• dairy foods;
  • calcium;
  • vitamin D;
  • lactose;
  • ovarian cancer


Inconsistent results for the role of dairy food intake in relation to ovarian cancer risk may reflect the potential adverse effects of lactose, which has been hypothesized to increase gonadotropin levels, and the beneficial antiproliferative effects of calcium and vitamin D. Using data from the New England case–control study (1,909 cases and 1,989 controls), we examined dairy foods and nutrients in relation to risk of ovarian cancer overall, histological subtypes and rapidly fatal versus less aggressive disease. We used logistic regression and polytomous logistic regression to estimate odds ratios (ORs) and 95% confidence intervals (CIs). In models that were simultaneously adjusted for total (dietary plus supplements) calcium, total vitamin D and lactose, we observed a decreased overall risk of ovarian cancer with high intake of total calcium [Quartile 4 (Q4, >1,319 mg/day) vs. Quartile 1 (Q1, <655 mg/day), OR = 0.62, 95% CI = 0.49–0.79]; the inverse association was strongest for serous borderline and mucinous tumors.
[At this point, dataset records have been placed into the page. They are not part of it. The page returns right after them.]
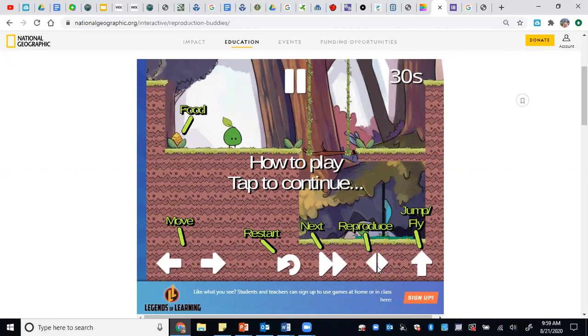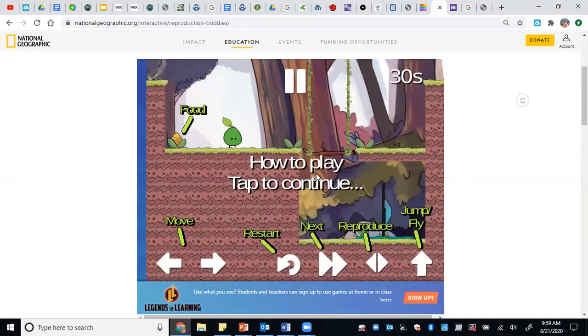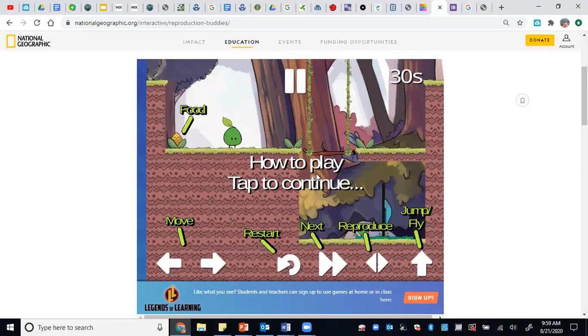So I'm going to click next and I'm just going to let you watch me play through the first screen. At the end of the first screen, you're going to get information about the type of reproduction that your buddy underwent.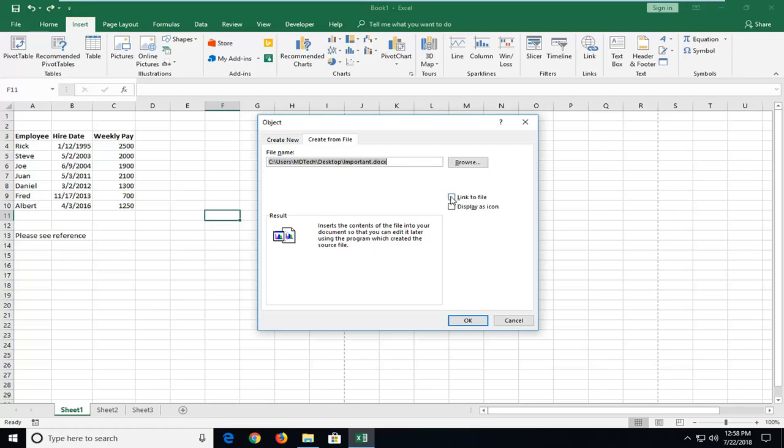However, I would consider against it because if for some reason the document is missing or if something gets moved around the path file changes you might have some issues with it down the road. So I would be hesitant to actually link the file. Instead you're just really uploading the file in its current state.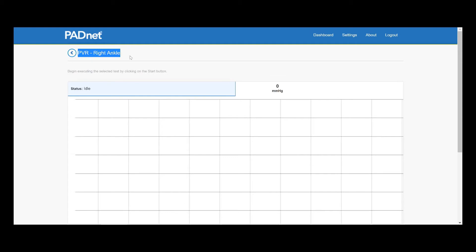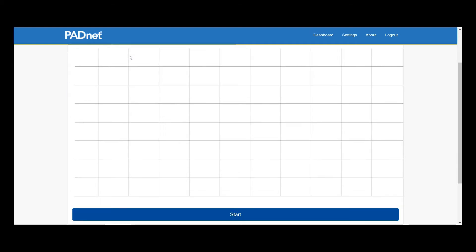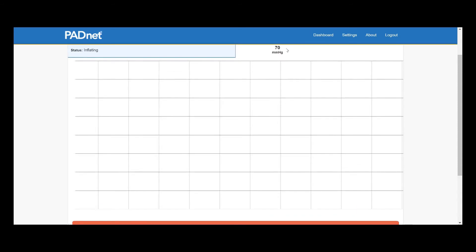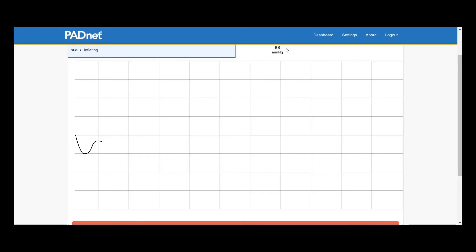We're going to start with the PVR on the right ankle. And to do our PVR, we're going to scroll down and click the start button. Our cuff is going to inflate to a pressure roughly between 65 and 75 millimeters of mercury. This is a pressure where it can comfortably sense and precisely sense the volume of blood entering the vessels without constricting blood flow. Once our cuff is done inflating, it's going to begin capturing the volume.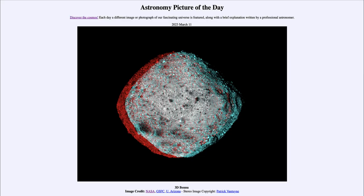Greetings and welcome to Introduction to Astronomy. One of the things that I like to do in each of my introductory astronomy classes is to begin the class with the Astronomy Picture of the Day from the NASA website.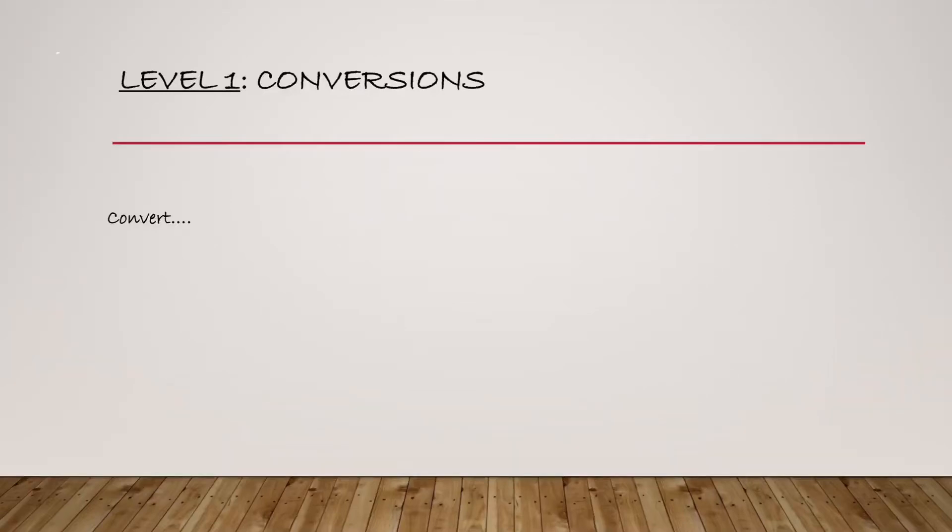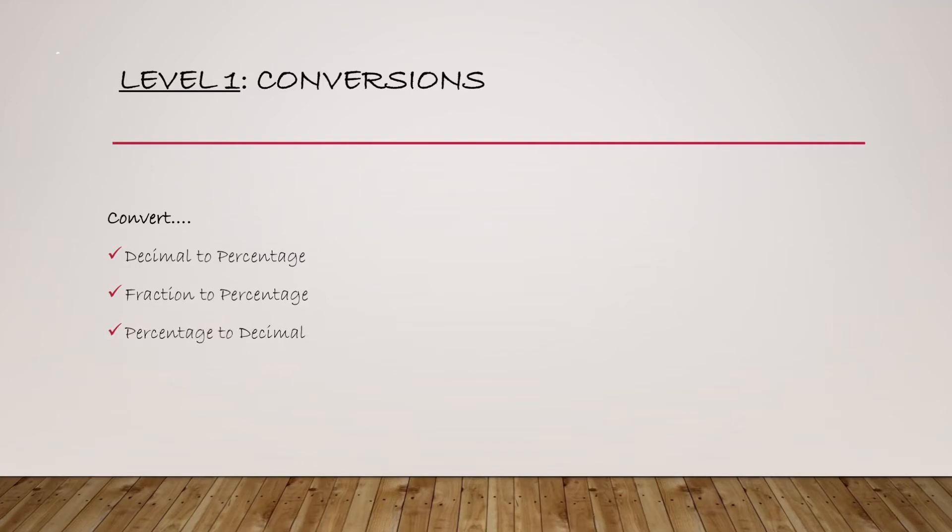In level one, we're going to be learning the conversions. I'm going to be teaching you how to convert decimal to percentage, fraction to percentage, percentage to decimal, and percentage to fraction.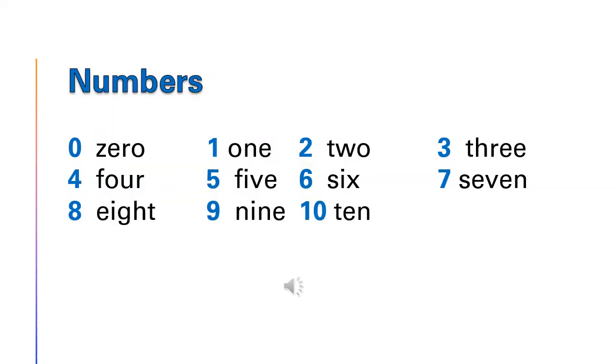Zero, one, two, three, four, five, six, seven, eight, nine, ten.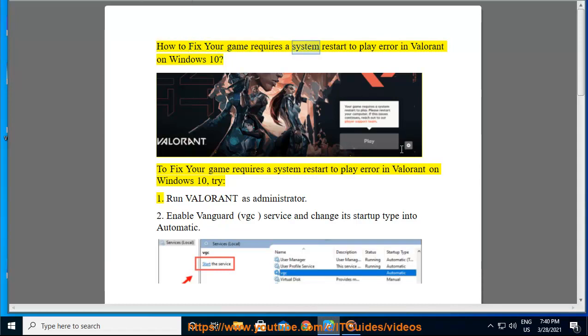How to fix your game requires a system restart to play error in Valorant on Windows 10.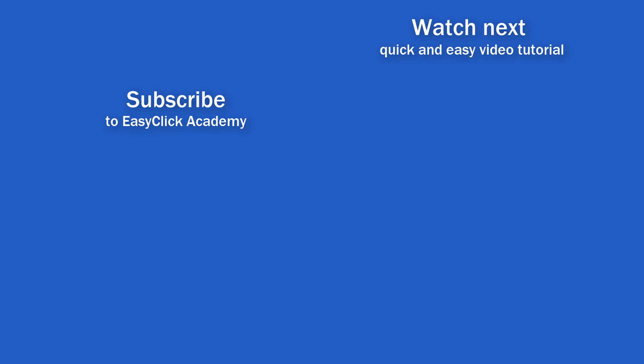Is this your first time on EasyClick? We'll be more than happy to welcome you in our online community. Hit that subscribe button and join the EasyClickers. And I'll see you in the next video.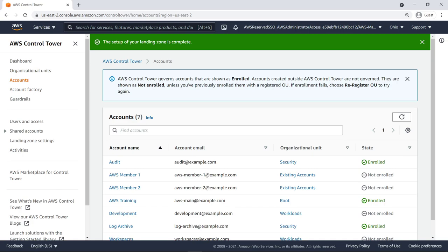On the Accounts screen, you can see that AWS Control Tower added the Audit account and Log Archive account to your organization. These accounts are now part of the Security Organizational Unit within your AWS Control Tower landing zone. Accounts governed by AWS Control Tower are shown as Enrolled.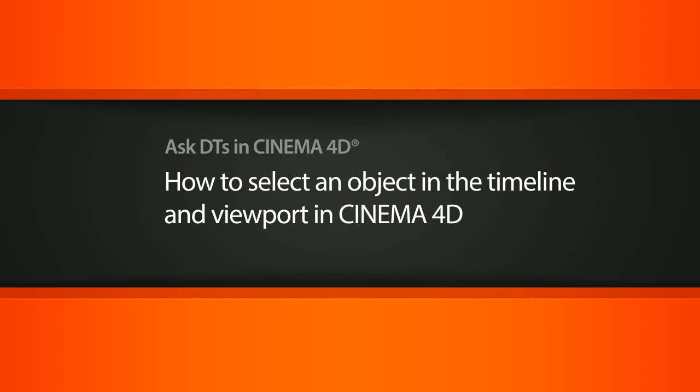Hi, my name is Dan, and I'm one of the DT evangelists here at Digital Tutors. In this video, we're going to look at a question from one of our users, Sazeray, on how to select an object in the viewport and then have it select in the timeline as well within Cinema 4D.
High intake of total vitamin D was not associated overall with ovarian cancer risk, but was inversely associated with risk of serous borderline (Q4, >559 IU/day vs. Q1, <164 IU/day, OR = 0.51, 95% CI = 0.34–0.76) and endometrioid tumors (Q4 vs. Q1, OR = 0.55, 95% CI = 0.39–0.80). We found no evidence that lactose intake influenced ovarian cancer risk or that risk varied by tumor aggressiveness in the analyses of intake of dairy foods and nutrients. The overall inverse association with high intake of calcium and the inverse associations of calcium and vitamin D with specific histological subtypes warrant further investigation.